Return all the entries below exactly, except for the images they hold.

Short text fragments from websites
------------------------------------------------------------

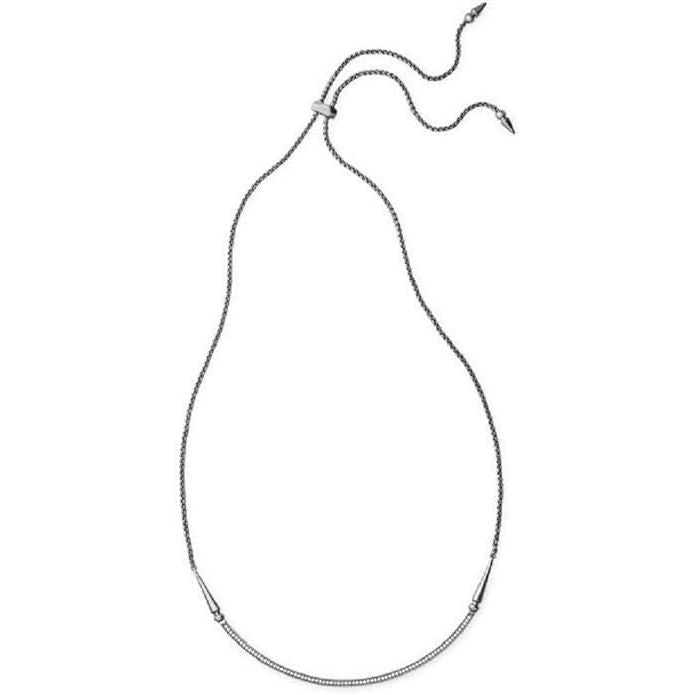 Kendra Scott Scottie Pendant Necklace Hematite Metal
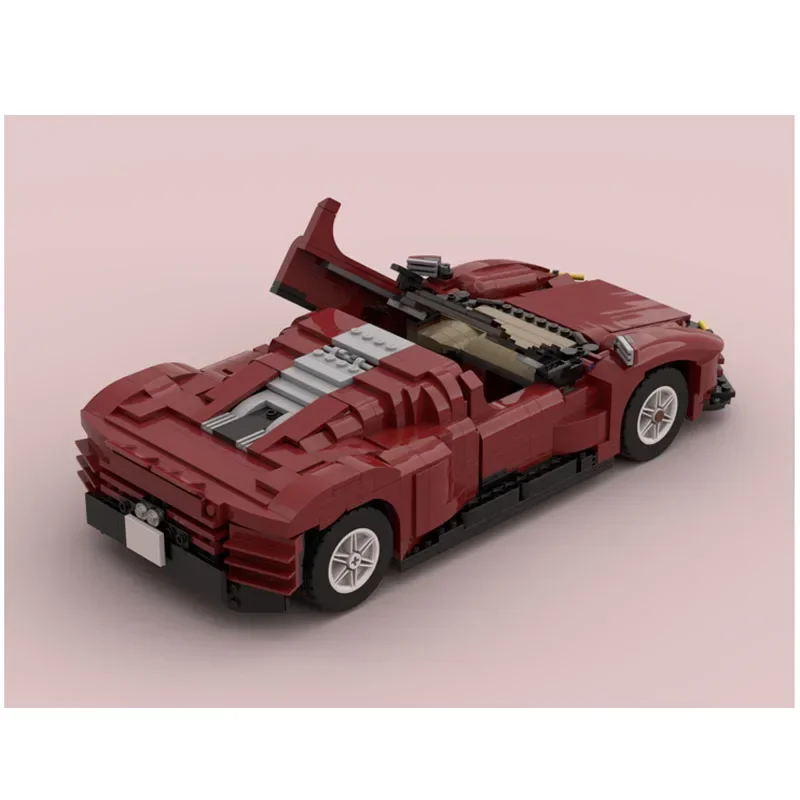 MOC- 124771 SP3 Supercar Montage Spleißen Baustein Modell Racing Track Sport Auto MOC Kreative Bausteine Spielzeug Geschenk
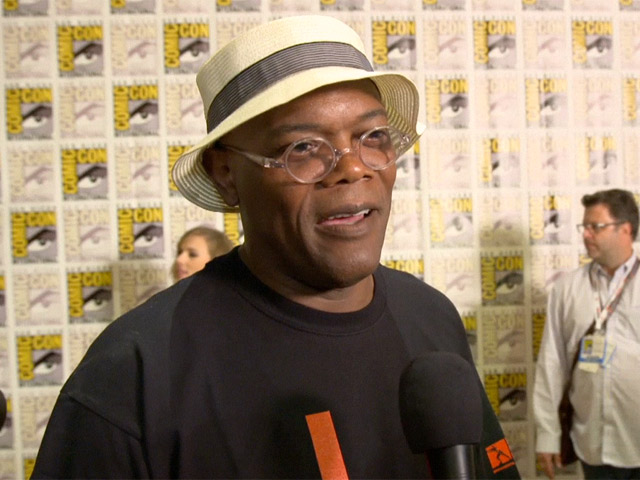 Samuel L Jackson Praises Comic-Con On Arrival Where He Promotes 'Captain America: The Winter Soldier'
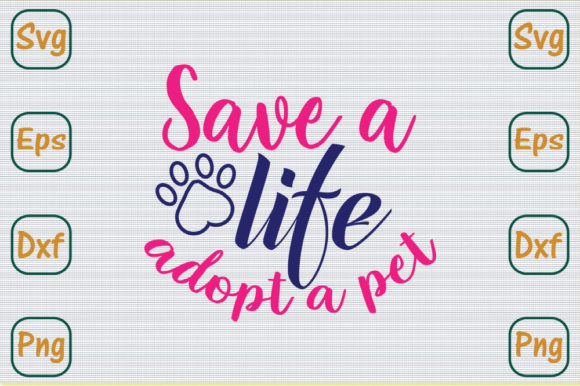 Dog SVG Design: Save a Life, Adopt a Pet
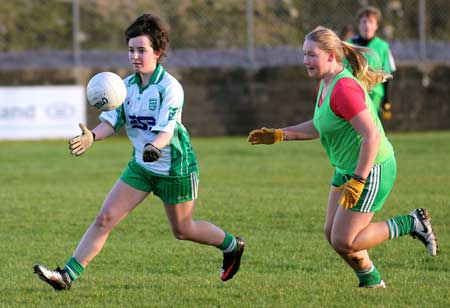 Action from the inaugural Colman Kerr Charity Match.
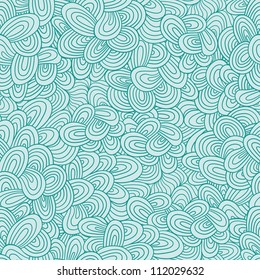 Seamless wave hand-drawn pattern, waves background (seamlessly tiling).Can be used for wallpaper, pattern fills, web page background,surface textures. Gorgeous seamless floral background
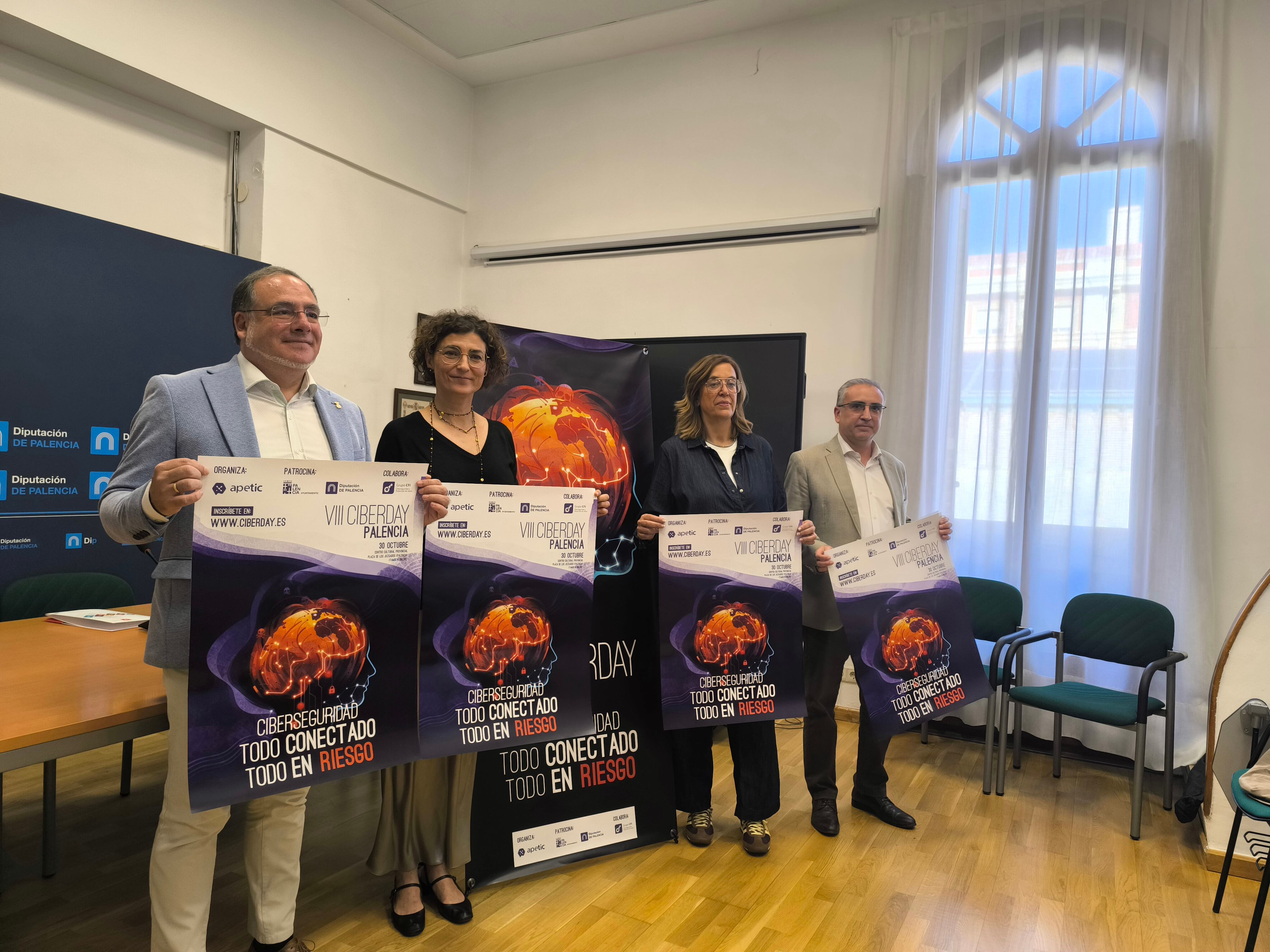 Presentación del VIII Ciberday de Palencia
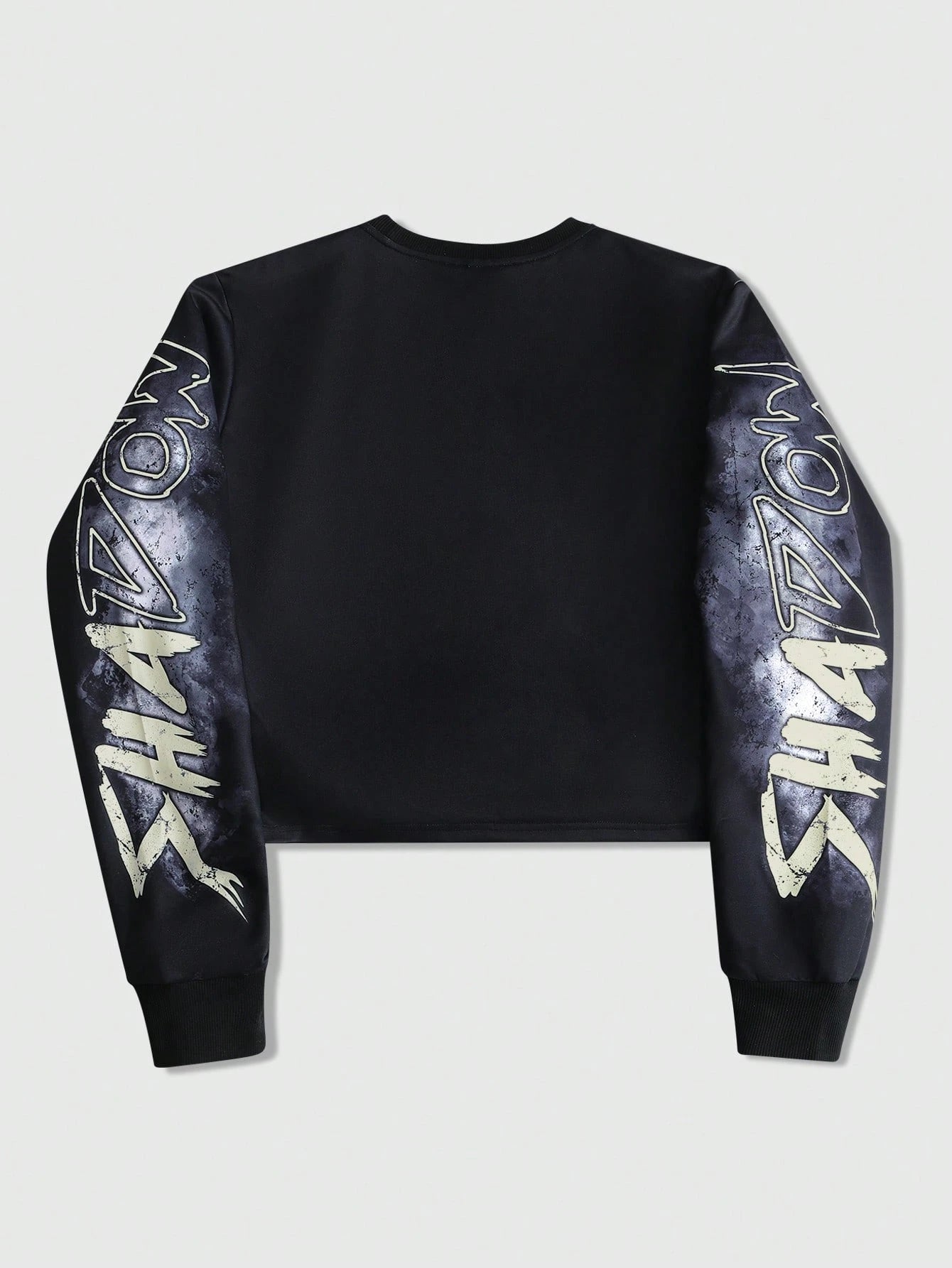 Men Figure Letter Print Pullover Sweatshirt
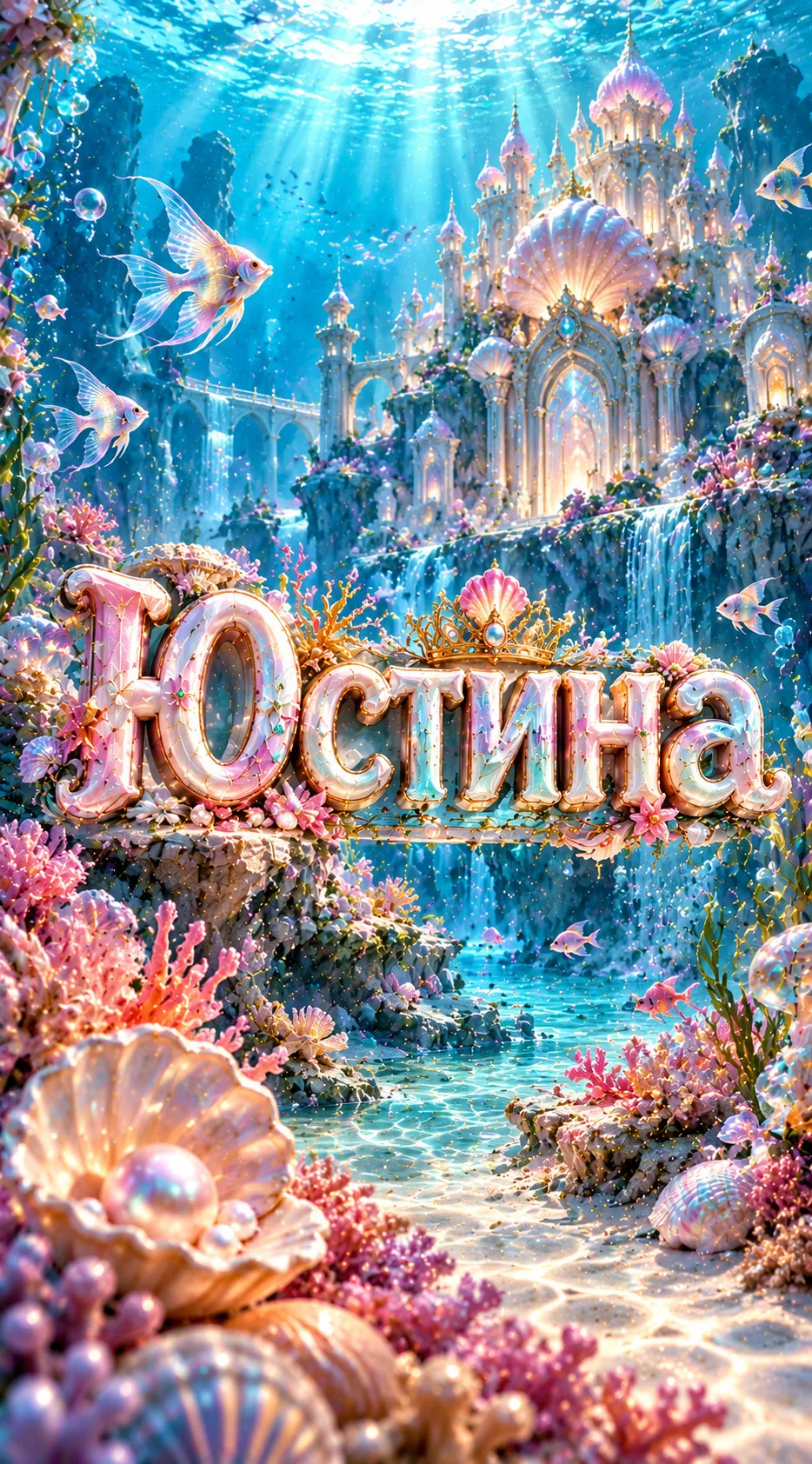 Обои на телефон с именем Юстина.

------------------------------------------------------------

— Exercise answer —
 Kendra Scott Scottie Pendant Necklace Hematite Metal
 MOC- 124771 SP3 Supercar Montage Spleißen Baustein Modell Racing Track Sport Auto MOC Kreative Bausteine Spielzeug Geschenk
 Samuel L Jackson Praises Comic-Con On Arrival Where He Promotes 'Captain America: The Winter Soldier'
 Dog SVG Design: Save a Life, Adopt a Pet
 Action from the inaugural Colman Kerr Charity Match.
 Seamless wave hand-drawn pattern, waves background (seamlessly tiling).Can be used for wallpaper, pattern fills, web page background,surface textures. Gorgeous seamless floral background
 Presentación del VIII Ciberday de Palencia
 Men Figure Letter Print Pullover Sweatshirt
 Обои на телефон с именем Юстина.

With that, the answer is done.